If I were to save value 8 into r13 before main, would this be still preserving the spirit of foo(int numFruits) or is my change equivalent to foo(int numFruits, int quadSize)?

Thank you


Solution

  • It's equivalent to foo(int numFruits, long quadSize). Well maybe int quadSize if your y86 ABI has 64-bit int. All of the normal x86-64 ABIs have 32-bit int, and Windows x64 even has 32-bit long.

    You also tagged this x86. x86-64 can move 8 into a 64-bit register with a 5-byte instruction like mov $8, %r13d: 1 opcode byte + imm32. (Actually 6 bytes including the REX prefix). You only need mov r64, imm64 for constants that don't fit in a zero or sign-extended 32-bit immediate. Writing a 32-bit register zero-extends in to the full 64-bit register. You can even code-golf constant setup even more, at the cost of speed. Like push $imm8 / pop %r13 in 3 bytes (actually 4 for a REX prefix). When optimizing for code size, you want to avoid r8..r15. https://codegolf.stackexchange.com/questions/132981/tips-for-golfing-in-x86-x64-machine-code/132985#132985.

    I have no idea if y86 has efficient machine-code encodings for small constants.

    There are no physical y86 CPUs in existence that I know of. There are emulators, but I'm not sure if there are even any virtual designs (like verilog) of y86 hardware that could be simulated in a cycle-accurate simulator.

    So any talk of "saving cycles" is a stretch for y86. Real x86-64 CPUs are pipelined superscalar with out-of-order-execution, and often not bottlenecked on code-fetch. Especially in modern CPUs with a uop cache. Depending on the loop, extra mov-immediate instructions off the critical path might not slow things down any. https://agner.org/optimize/, and see performance links in the x86 tag wiki.


    But yes, you should generally hoist constant-setup out of loops.

    If your "loop" is recursion that you can't easily optimize into a normal loop without an expensive call / ret, you can certainly make a wrapper function for public usage, and have it fall through into a private function that effectively uses a custom calling convention (which assumes that %r13 = 8).

    .globl foo
    foo:
        irmovq  $8, %r13
    
     # .p2align 4    # optional 16-byte alignment for the recursion entry point
     # fall through
    
    .Lprivate_foo:
       # only reachable with r13=8
     # blah blah using r13=8
        call .Lprivate_foo
     # blah blah still assuming r13=8
        call .Lprivate_foo
     # more stuff
        ret                      # the final return 
    

    Nothing else can call private_foo; it's a local label (.Lxxx) only visible from this source.
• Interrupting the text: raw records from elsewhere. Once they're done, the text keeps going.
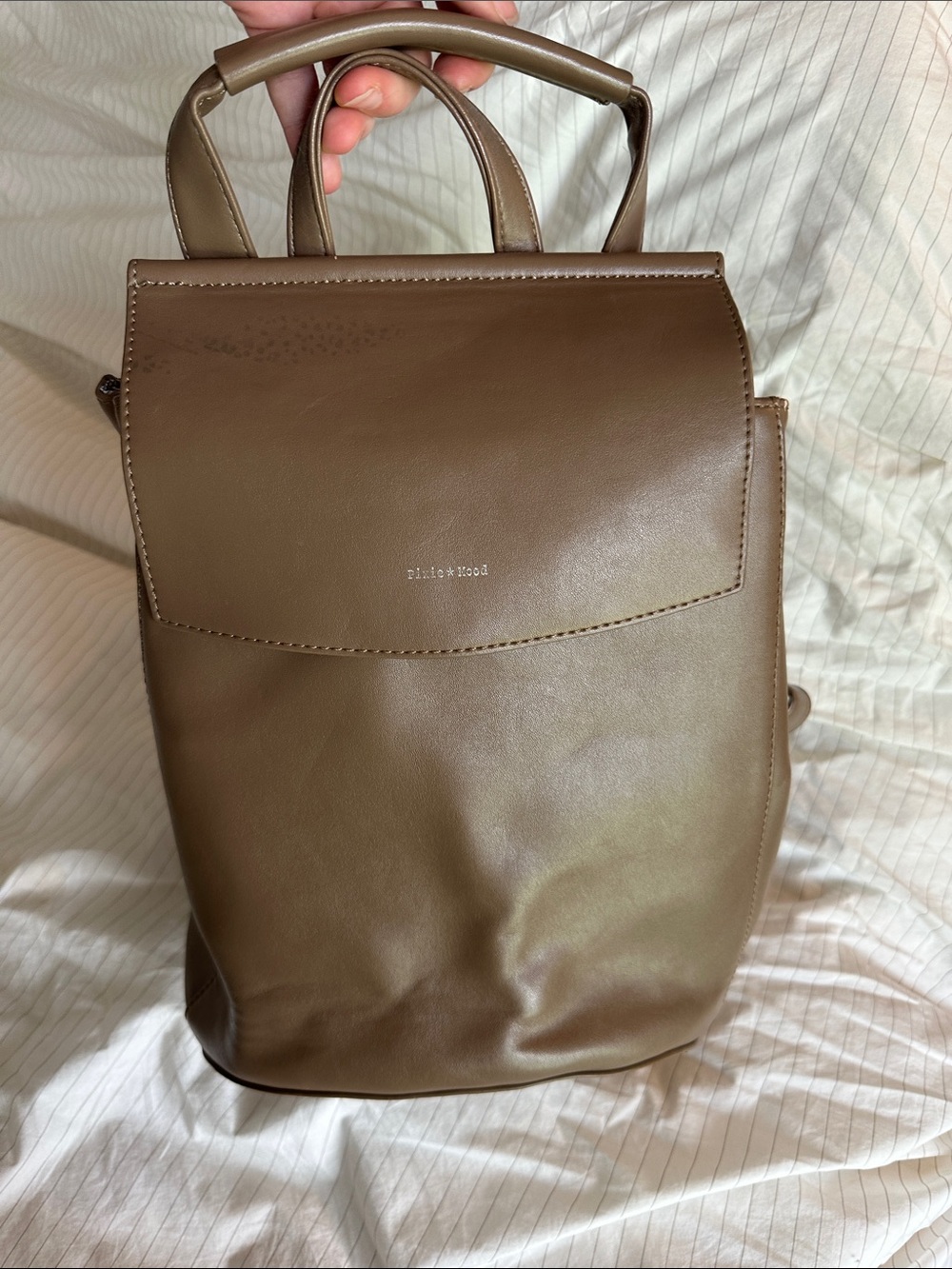 Pixie Mood - Minimalist Brown Vegan Leather Backpack Tote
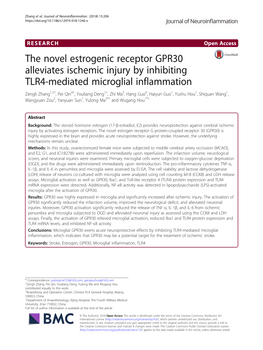 The Novel Estrogenic Receptor GPR30 Alleviates Ischemic Injury By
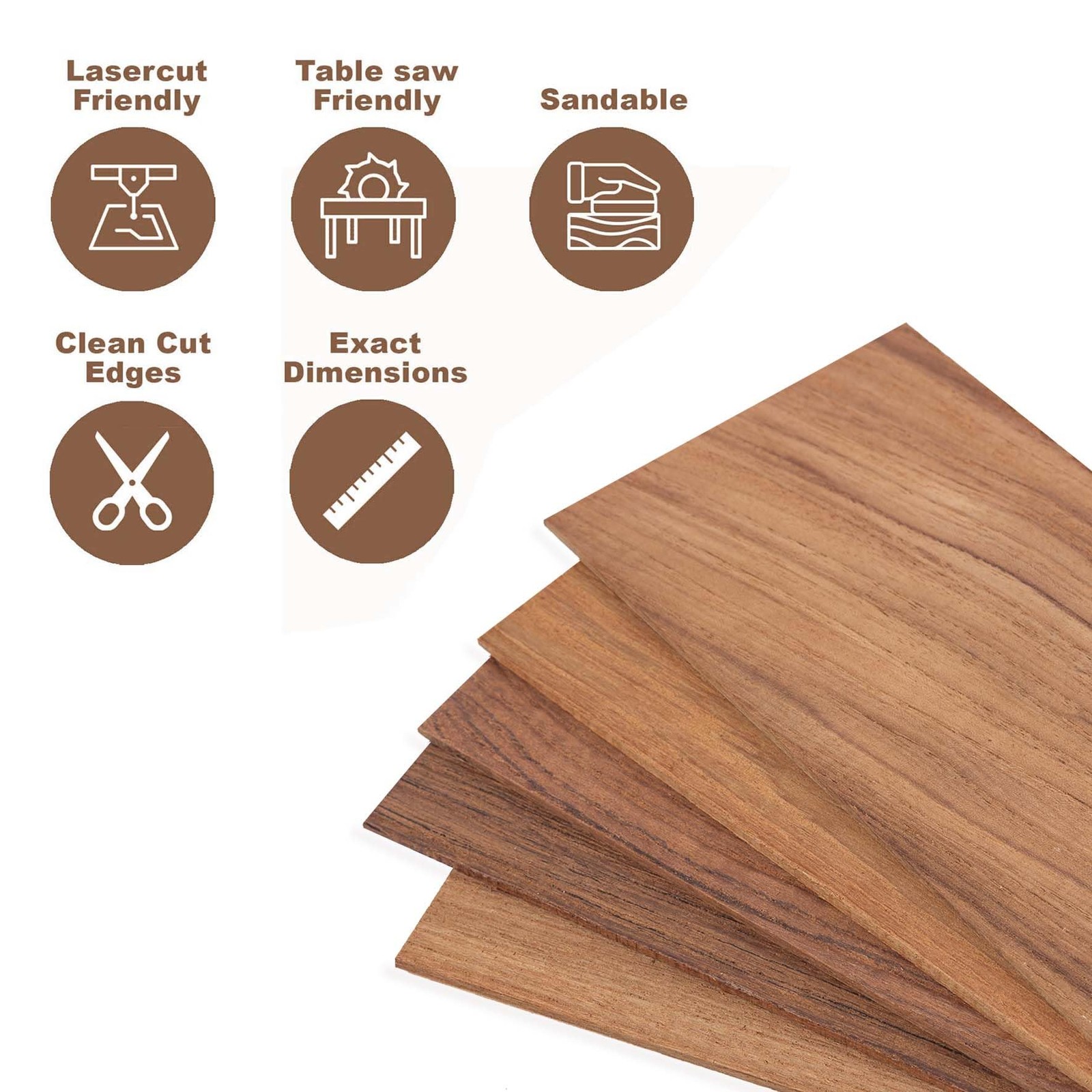 Teak Wood Sheets 1/8 inch Thick, 4x8 inch Solid Panel Veneer Plank Myanmar Bu...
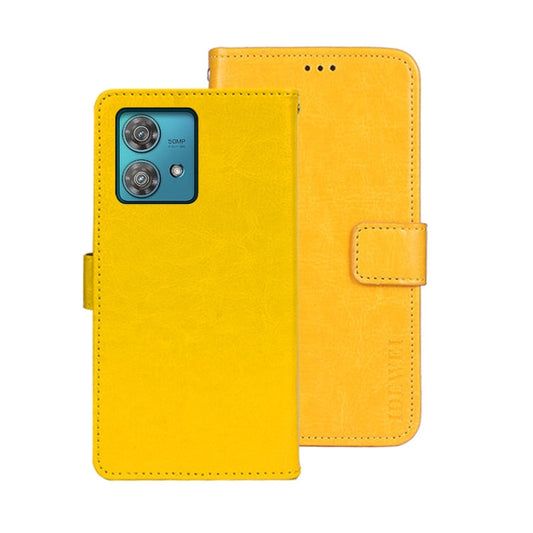 Pour Motorola Edge 40 Neo, étui de téléphone en cuir idewei texturé Crazy Horse (jaune)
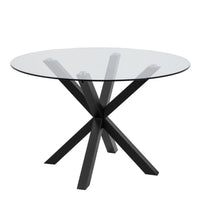 Thumbnail for Heaven Round Dining Table with Clear Glass Top and Black Legs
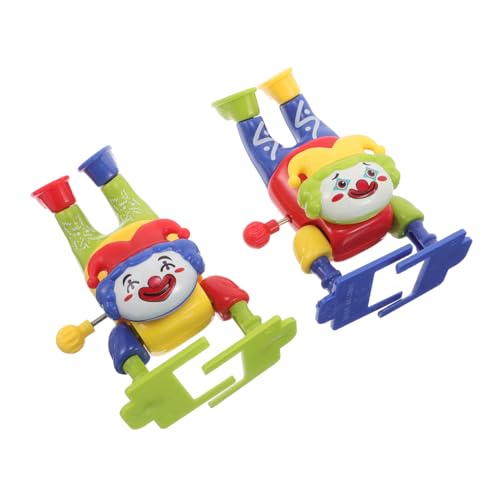 FRCOLOR 2 Stück Wind up Clown Aufziehfigur Lustiges Scherzartikel Stuffer Geschenk Grün Blau von FRCOLOR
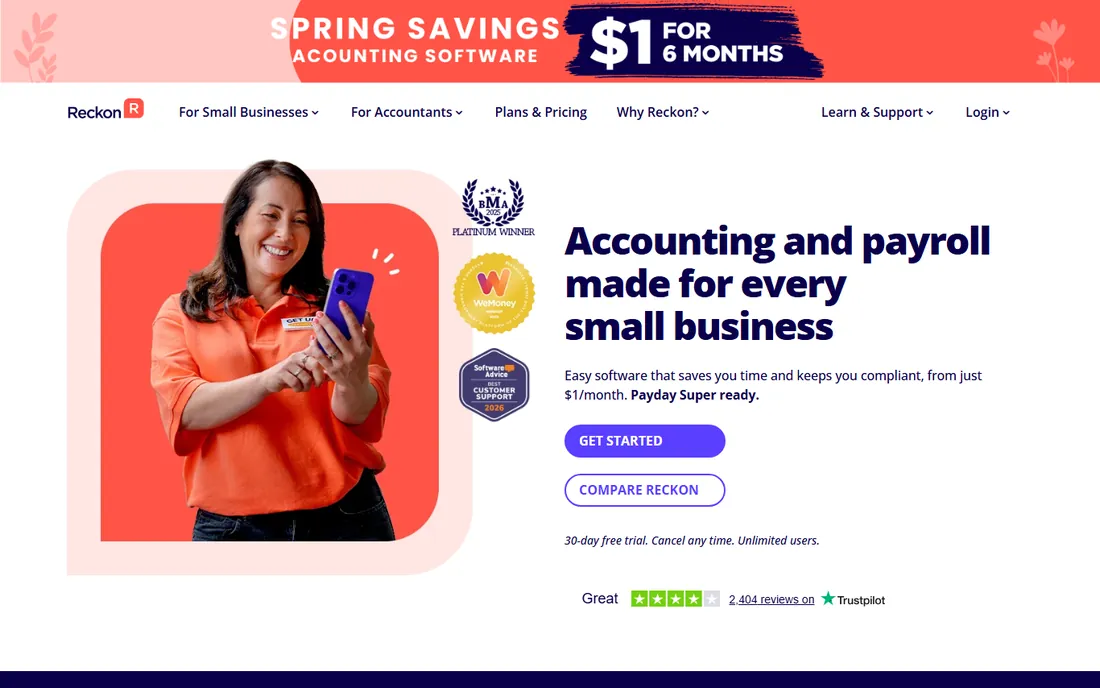 Reckon homepage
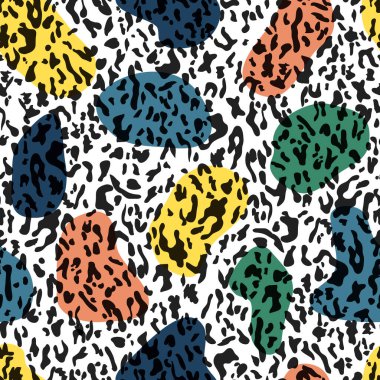 Renkli soyut şekillerde leopar derisi pürüzsüz desen. Modaya uygun el yazısı.. 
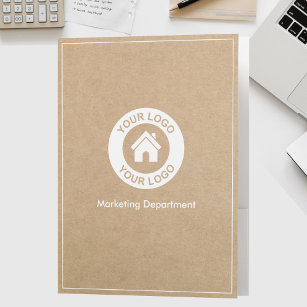 Custom Business Logo Text Kraft Paper Style Pocket Folder
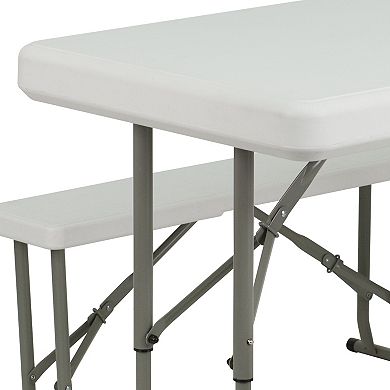 Flash Furniture Portable Folding Bench & Table 3-piece Set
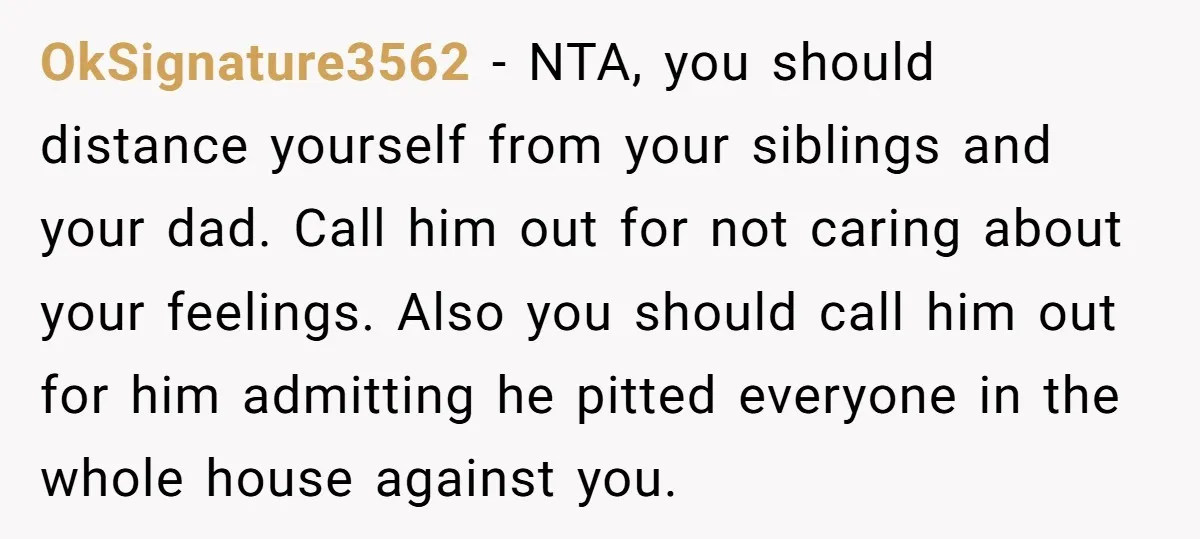 OkSignature3562 − NTA, you should distance yourself from your siblings and your dad. Call him out for not caring about your feelings. Also you should call him out for him...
So the body of .Lprivate_foo can assume that R13 = 8.

    If r13 is a call-preserved register in your y86 calling convention (like it is in x86-64 System V), then either pick a call-clobbered register like r11, or have the public wrapper function call private_foo so it can restore the caller's r13 before returning. Using a register that functions are normally allowed to clobber makes this near-zero extra overhead instead of introducing an extra level of call/ret.

    But that only works if you don't call any other unknown functions from inside your recursive function, otherwise you have to assume they clobbered R11.

    Optimizing recursion into a loop has a big advantage, and compilers do that whenever possible. (In a double-recursive function like a tree traversal, they will often turn the 2nd recursive call into a loop branch, but still actually recurse for the non-tail recursion.)


    If you're just using 8 as a scale factor, I'm worried that you're using a multiply. It's much more efficient to use a shift by 3. Or (since you tagged this x86 as well as y86), maybe use a scaled-index addressing mode. But if it's for a pointer increment, then real x86 would use an add-immediate. Like add $8, %rsi, using the add r/m64, imm8 encoding which only uses 1 byte for the constant (sign-extended to 64-bit).

    But the x86 equivalent would be SIMD vector constants or floating point constants, because there aren't immediate forms of those. And in that case yes you do want set up the constant in a register outside of a loop.